◆ YOUR TASK ◆
From the data that follows, set down exactly the lines from the one with "Photo of property" through the one with "Моторчик стеклоподъемника Porsche", counting both. Pictures stay out.

◆ RECORD EXTRACTS ◆
◇ ◇ ◇ ◇ ◇
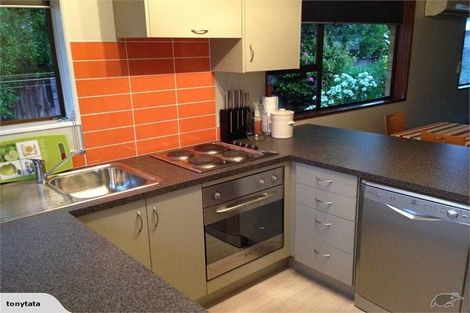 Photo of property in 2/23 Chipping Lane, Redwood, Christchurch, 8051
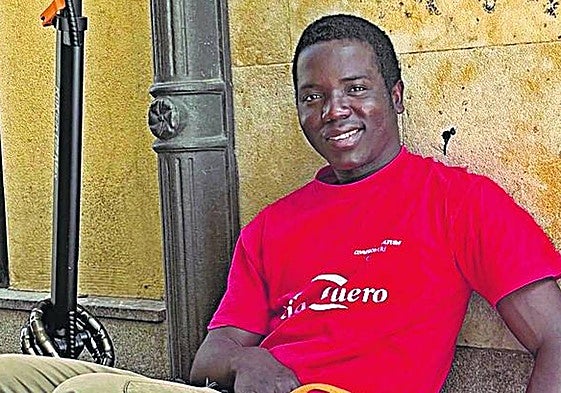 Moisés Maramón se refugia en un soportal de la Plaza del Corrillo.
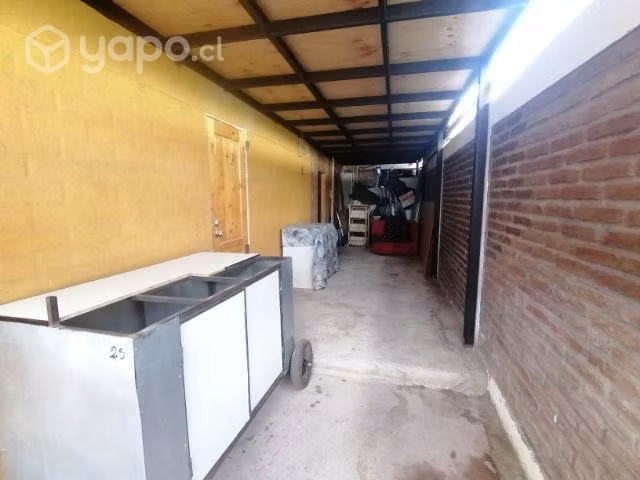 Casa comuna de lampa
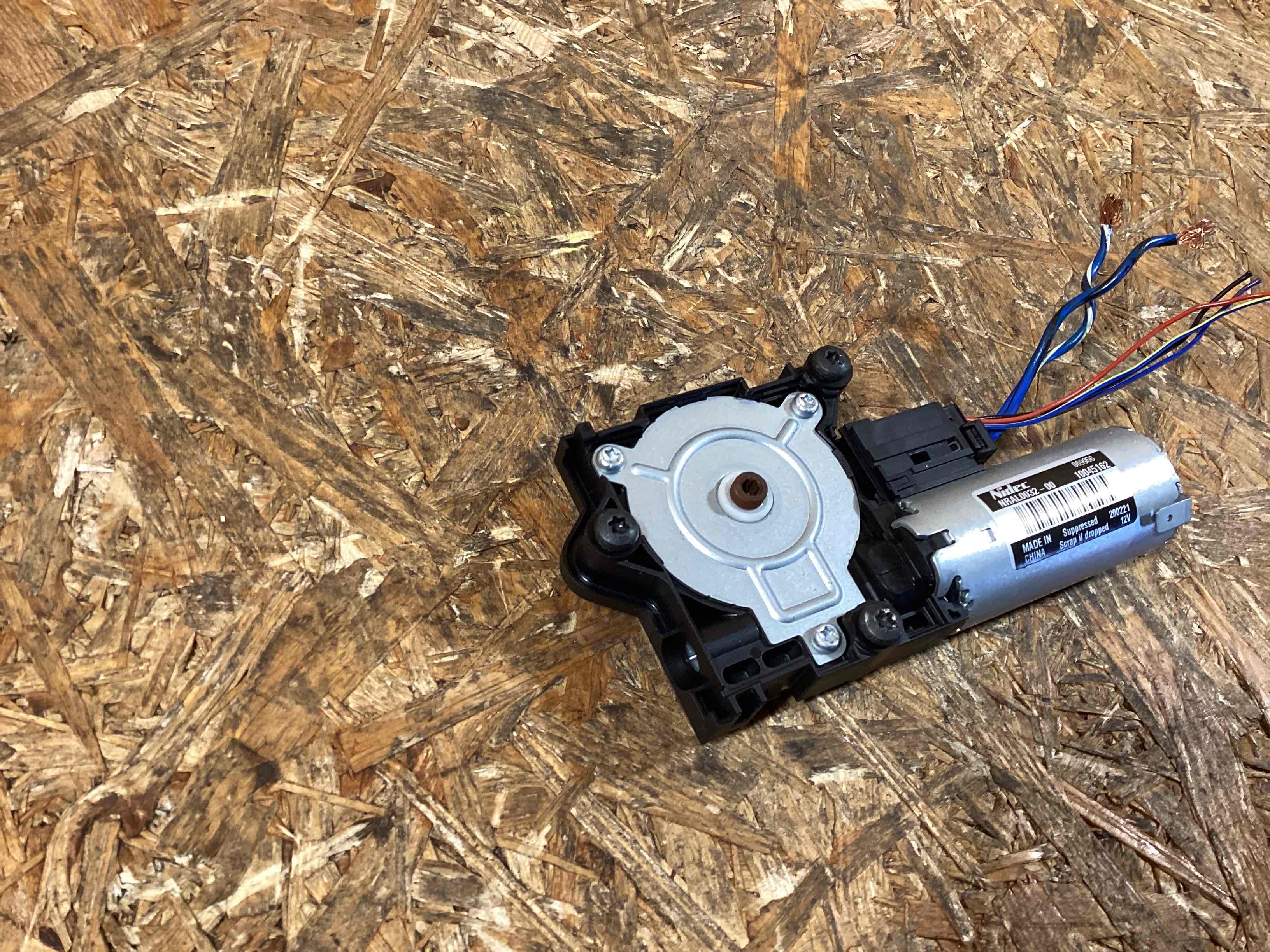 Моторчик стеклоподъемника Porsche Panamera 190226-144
◇ ◇ ◇ ◇ ◇
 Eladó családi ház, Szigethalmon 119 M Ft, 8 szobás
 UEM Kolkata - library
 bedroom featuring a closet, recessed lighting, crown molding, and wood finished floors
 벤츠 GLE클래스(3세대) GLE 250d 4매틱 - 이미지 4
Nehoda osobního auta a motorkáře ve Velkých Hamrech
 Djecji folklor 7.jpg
◇ ◇ ◇ ◇ ◇
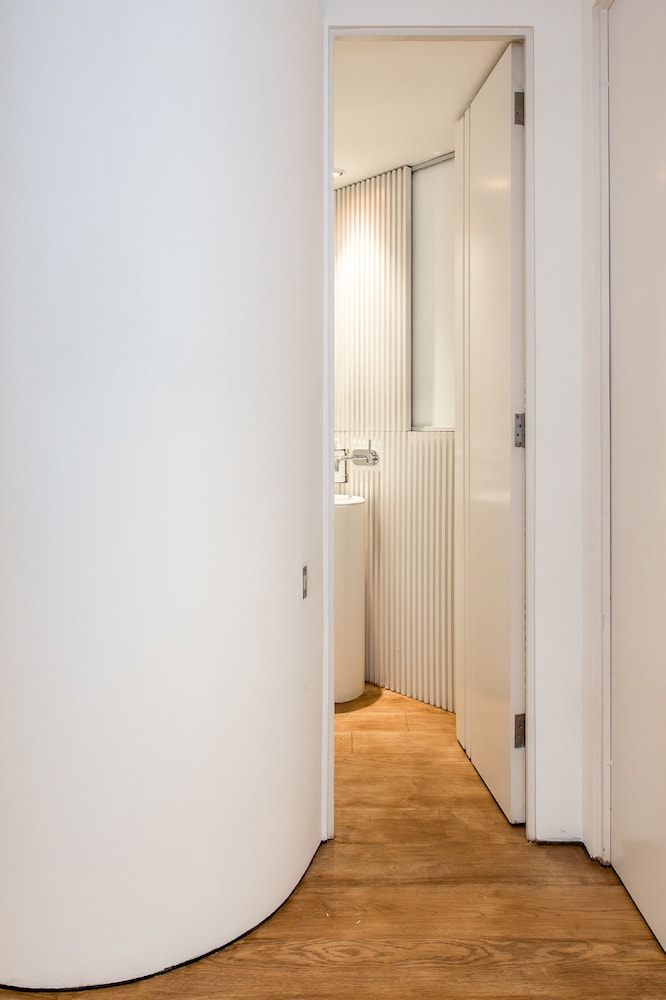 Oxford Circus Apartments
◇ ◇ ◇ ◇ ◇
◆ ANSWER BELOW ◆
 Photo of property in 2/23 Chipping Lane, Redwood, Christchurch, 8051
 Moisés Maramón se refugia en un soportal de la Plaza del Corrillo.
 Casa comuna de lampa
 Моторчик стеклоподъемника Porsche Panamera 190226-144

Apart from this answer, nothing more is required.